Conhecer seu principal atributo
Seu dom de destaque. Cultive-o e incentivo os demais. Todos alcançariam a excelência em alguma coisa se conhecessem sua qualidade dominante.
Identifique o rei dos seus atributos e se dedique a ele com afianço. Alguns se destacam com discernimento e outros, na coragem. Os demais violentam a sua
aptidão e não alcançam a superioridade em nada. Deixem-se cegar a lisonjear pelas paixões até que - tarde- demais!- o tempo as desminta.
Associar-se àqueles com quem pode aprender
Seja o convívio amigável uma escola de erudição e torne a conversação instrutiva. Faça dos amigos professores e combine a utilidade da aprendizagem com o gosto da conversa. Alterne a fruição com a instrução. O que você diz será recompensado com aplausos; o que ouve, com aprendizados. O que nos leva aos outros, em geral, é a nossa própria conveniência; aqui ela tem um sentido maior. Os prudentes freqüentam as casas de renomados heróis que são mais palcos de heroísmo que palácios de futilidade. Alguns são notáveis pelos conhecimentos e bom senso; pelo exemplo e pelo modo de agir, são
oráculos de toda grandeza. Aqueles que os cercam formam uma academia refinada de discrição e sabedoria elegantes.
Escolha um modelo heróico. Mais para emular do que imitar. Existem exemplos de grandeza, textos vivos de reputação. Cada qual escolha o primeiro em seu campo, não tanto para segui-lo quanto para superá-lo. Alexandre chorou sobre a tumba de Aquiles, não lendário herói grego, mas por si próprio, pois, ao contrário daquele, sua glória ainda não nascera. Nada atiça tanto a ambição do espírito quanto o clarim da glória alheia. O que afugenta a inveja incentiva a generosidade.
Ninguém consegue dominar-se se não compreende a si próprio. Existem espelhos para o rosto, mas não para o espírito, tome lugar do espelho a ponderada auto-reflexão. E, ao se esquecer de sua imagem exterior, tente corrigir e aprimorar a interior. Conheça a força da sua prudência e perspicácia. Verifique se tem condições de se empenhar. Explore seu íntimo e verifique seus recursos para tudo.
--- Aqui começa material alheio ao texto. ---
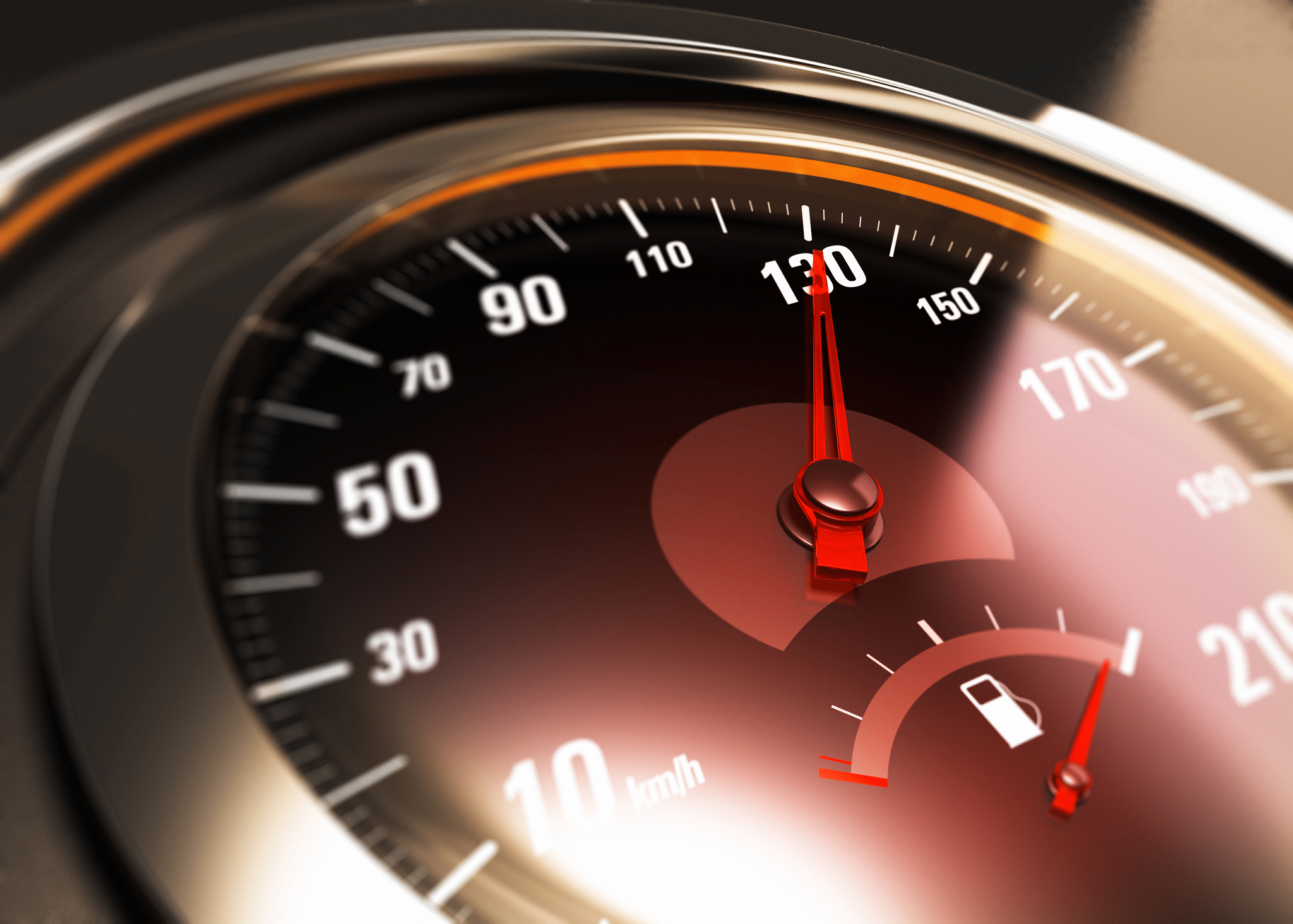 What’s the most dangerous form of driving? What telematics tells us… Image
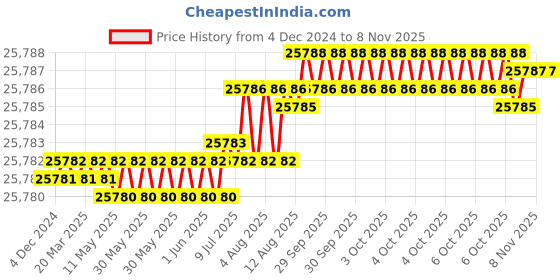 moglix.com YG-1 180mm 2 Flute X-power Ball Nose End Mill, EM823250 yg-1 Price History Graph from 4 Dec 2024 to 7 Nov 2025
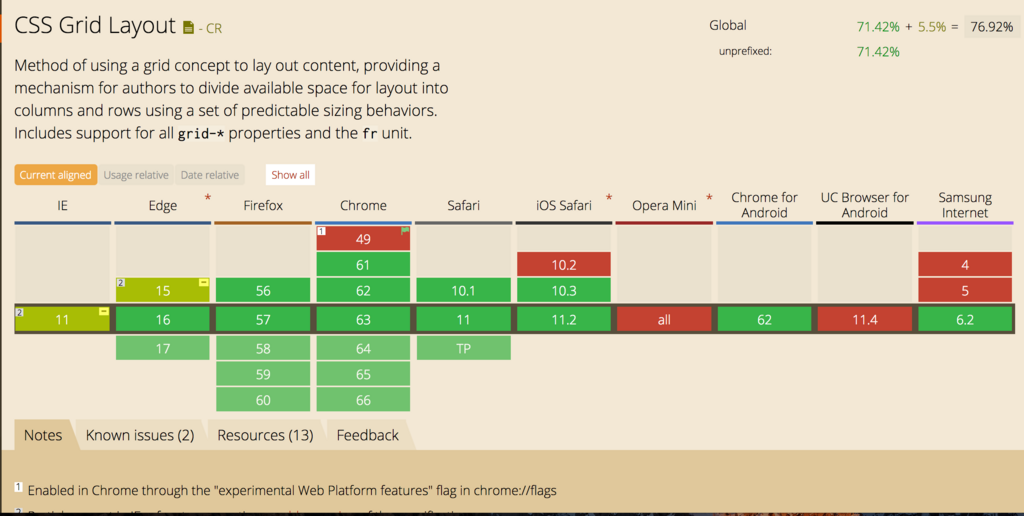 f:id:zenet-tech:20171219123355p:plain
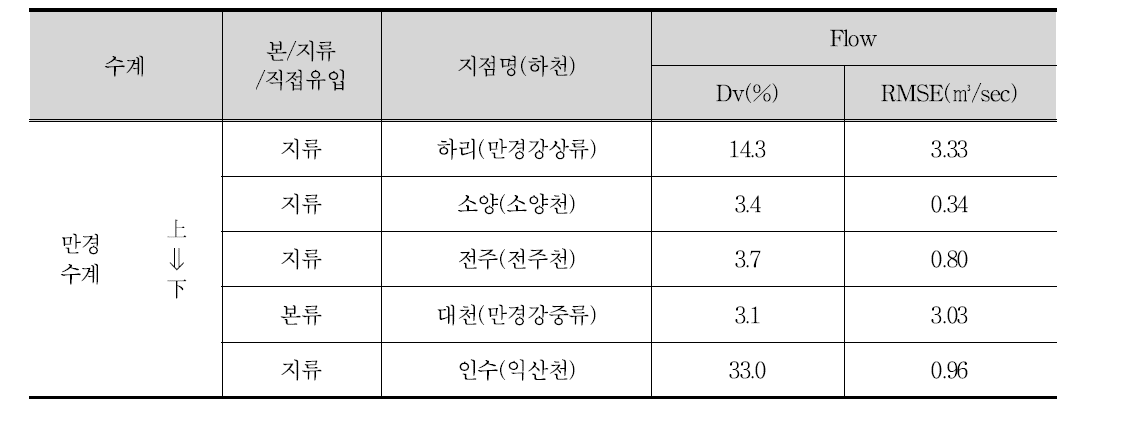 만경강유역의 HSPF 모델 유량 재현성 검토 결과(2009∼2013년 평균유량 기준)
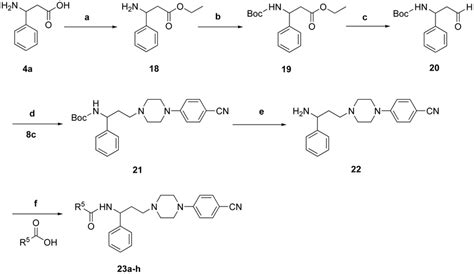 Synthesis of target piperazine derivatives 23a–h. Reagents and... | Download Scientific Diagram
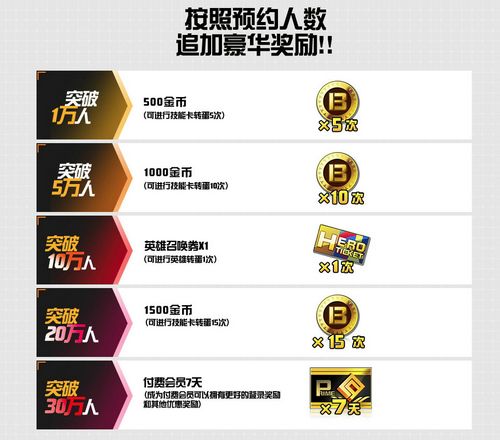 #COMPASS 战斗天赋解析系统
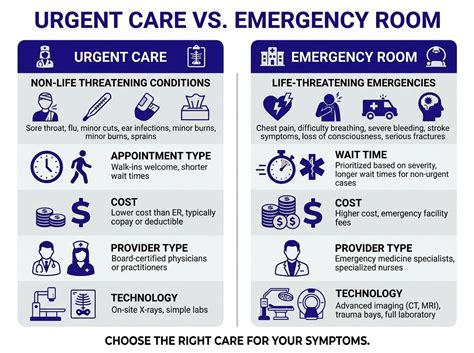 Difference Between Urgent Care and Emergency Room: Cost, Wait Times ...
Caráter e Inteligência. Um sem a outra é apenas meia felicidade. Não basta ser inteligente; é preciso também ter o caráter apropriado.
O homem nasce bárbaro. Redime-se da condição de besta cultivando-se. A cultura nos transforma em pessoas; e tanto mais, quanto maior for a cultura. Por isso, a Grécia pôde chamar o resto do mundo de bárbaro. A ignorância é rude e
grosseira. E até a sabedoria é áspera quando carece de polimento. Não é apenas a inteligência que devemos apurar, mas também nossos desejos e principalmente nossa conversa. Alguns exibem um esmero natural tanto nas qualidades interiores quanto nas exteriores, tanto nos conceitos quanto nas palavras, tanto no adorno corporal (que é como a casca) quanto nos dons espirituais (o fruto). Já outros são tão brutos que embaçam tudo, até suas qualidades superiores, com um intolerável desasseio bárbaro.